Videos and images released by Egypt's Ministry of Interior (MOI), which oversees law enforcement, showed a young girl in a white dress, holding a teddy bear, covered in what is seemingly fake blood.
The images were taken outside dilapidated buildings that resembled Aleppo, but were in fact in Port Said, near the Suez Canal, according to the MOI.
In a statement translated from Arabic, a spokesman for the MOI said the five were arrested for "fabricating the scene of a child photographed while wearing a white dress coloured in red, in a way that resembles blood.
"A gauze on her hand was also contaminated with the same colour as was a bear."
The statement added that the five "filmed those scenes to be published on the pages of social networking sites to convince viewers that those pictures are the outcome of the ongoing events in the city of Aleppo, in the state of Syria".
In addition to the five arrested on Monday (19 December), two children aged eight and 12 were taken into police care.

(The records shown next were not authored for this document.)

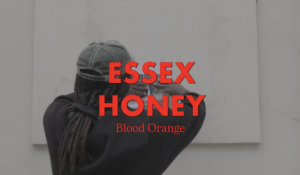 Blood Orange premieres songs, one with Lorde, Polachek and Mustafa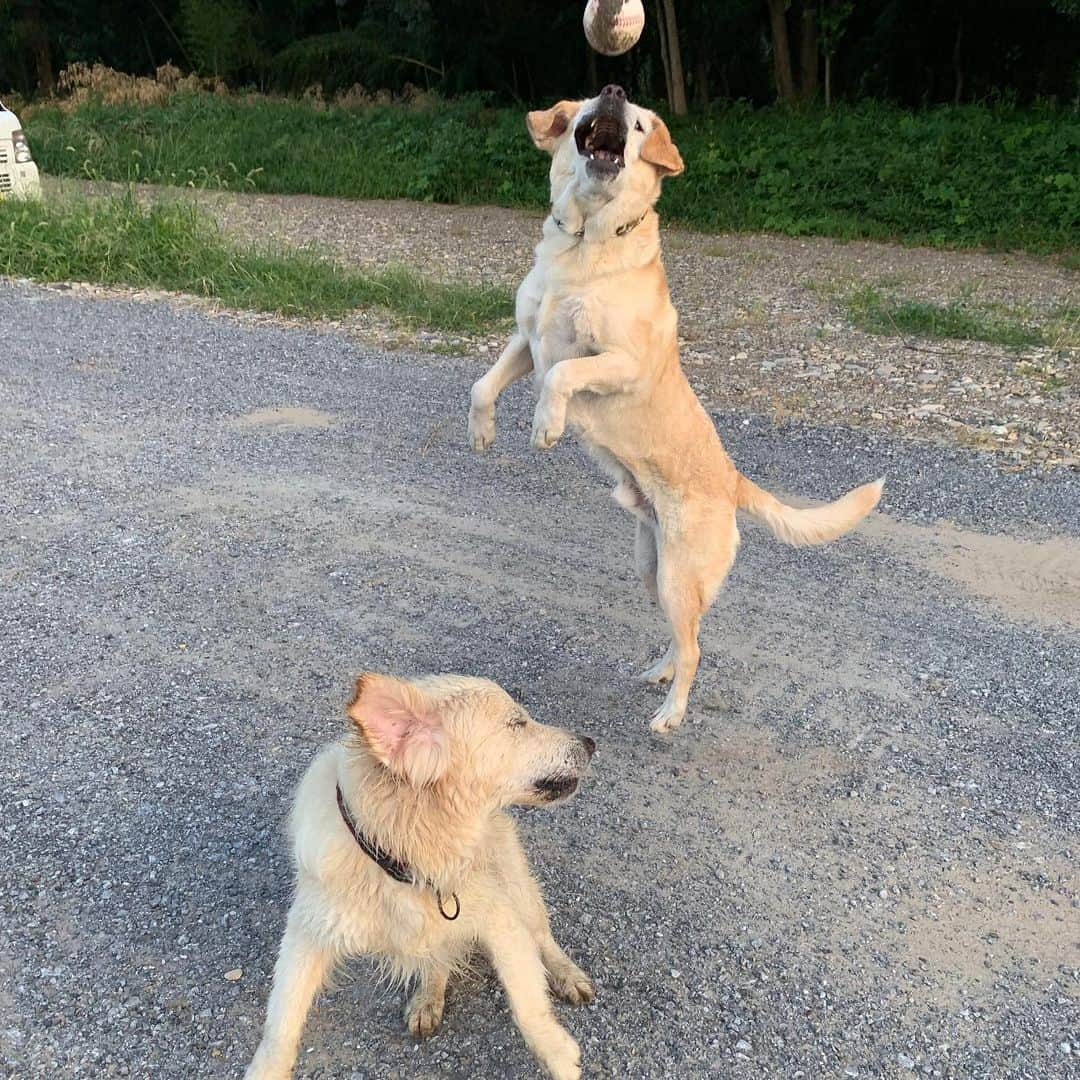 P太郎ママさんのインスタグラム写真 - (P太郎ママInstagram)「ニュース君に会ったー。 一緒に水遊び。 しかーし。 どっちも、 相手の持っとるオモチャが欲しくて。 自分のくわえとるの捨てて取りに行く… ややこしーこと！ オモチャ、流れてってまうやろー！ #今を生きる  #悪性腫瘍  #たとえ犬生が8年だとしても楽しいは16年分あげる絶対に  #goldenretriever  ニュース君と だだちゃんは、 タイプが似とる。 人のオモチャが欲しいけど。 強引にはいかない。 取られても怒らん。 どっちも引き気味なので… 絡み合いにまでは発展しにくい。 でも。 一人遊びより、 楽しかったねー。 ありがとう！」8月9日 7時58分 - ptarodada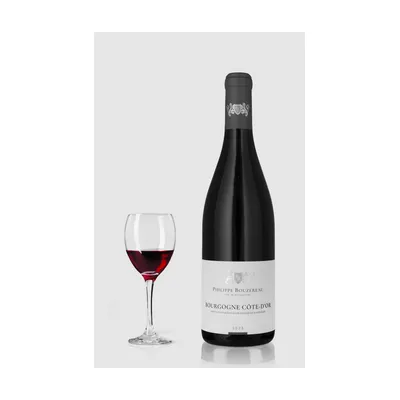 Domaine Philippe Bouzereau Bourgogne Cote Dor Rouge 2023 – Domaine Philippe Bouzereau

Police also seized a camera, six mobile phones and a plastic box containing a number of "props" for the images.
All five people have been released on police bail, pending investigations, and their links to any external organisations are not yet known.
Propaganda has been a growing tool for all sides within the proxy war in Syria.
The charge has largely been levelled against Syrian and Russian presidents Bashar al-Assad and Vladimir Putin, however Western-backed agencies have also been accused.
Journalists and activists have speculated as to whether The White Helmets, the UK-backed humanitarian group, has been involved in propaganda due to its links to its links to public relations firms Avaaz and Purpose.
The group often posts dramatic images of rescues it undertakes and recently released a Netflix documentary showing such missions.
Similar accusations have also been made against seven-year-old Bana al-Abed for her tweets from eastern Aleppo, however the claim has not been proven.
In a separate investigation earlier this year, The Bureau of Investigative Journalists revealed that British PR firm Bell Pottinger was paid $540m (£417m) by the US Department of Defense to make fake terror and news-style videos.